What You Container Plants Want

Room for roots » Almost anything can be a pot in your container garden, as long as it’s large, has drainage holes, and isn’t made from (or once held) anything toxic. Start at 12 to 14 inches in diameter and 14 inches deep for a single plant, and go up from there. Planters on wheels or plant caddies make heavy containers easier to move.

The right soil » Not garden soil, which is too dense, but a porous organic potting mix made for large containers. Look for mixes made with coir (coconut-husk fiber) and amended with compost or other organic matter, which provides good drainage while conserving moisture.
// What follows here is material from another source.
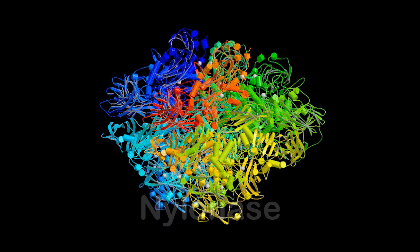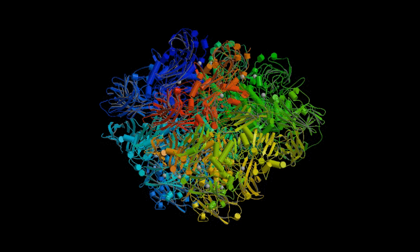Nylonase is an enzyme that allows bacteria to digest nylon. It didn't always have it. It was created by a new gene — which creationists say can't happen — that increased the complexity of its host — which creationists say can't happen — and gave the organism new information — which creationists say can't happen. This bacteria, in less than a few decades, evolved the ability to digest nylon, a substance that didn't even exist before.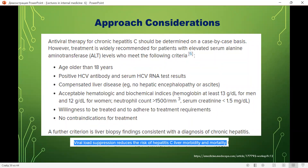Antiviral therapy for chronic hepatitis C should be determined on a case-by-case basis. Treatment is widely recommended for patients with elevated serum ALT levels who meet the following criteria: age older than 18 years, positive HCV antibody and serum HCV RNA test result, compensated liver disease, acceptable hematological and biochemical indices, willingness to be treated and adhere to treatment requirements, and no contraindications for treatment.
Plenty of water » Potting mix dries out quickly: Water consistently, and never let containers dry out completely. If it’s hot or hasn’t rained, you might need to water once or even twice a day. Water until it runs out of the drainage holes. Don’t let a pot stand in water. In arid climates, drip irrigation is a time- and water-saver.

Enough light » Blueberries, raspberries, hot peppers, and cucumbers need eight hours of sunlight a day for an appreciable yield. Mint can get by with less. Also, make sure there is good air circulation around the pots—smart advice for any plant growing in a container.

Faithful feeding » Most potting soils contain few nutrients, so fertilizing plants is a must. Use a diluted, water-soluble fertilizer like seaweed emulsion, according to the directions on the label.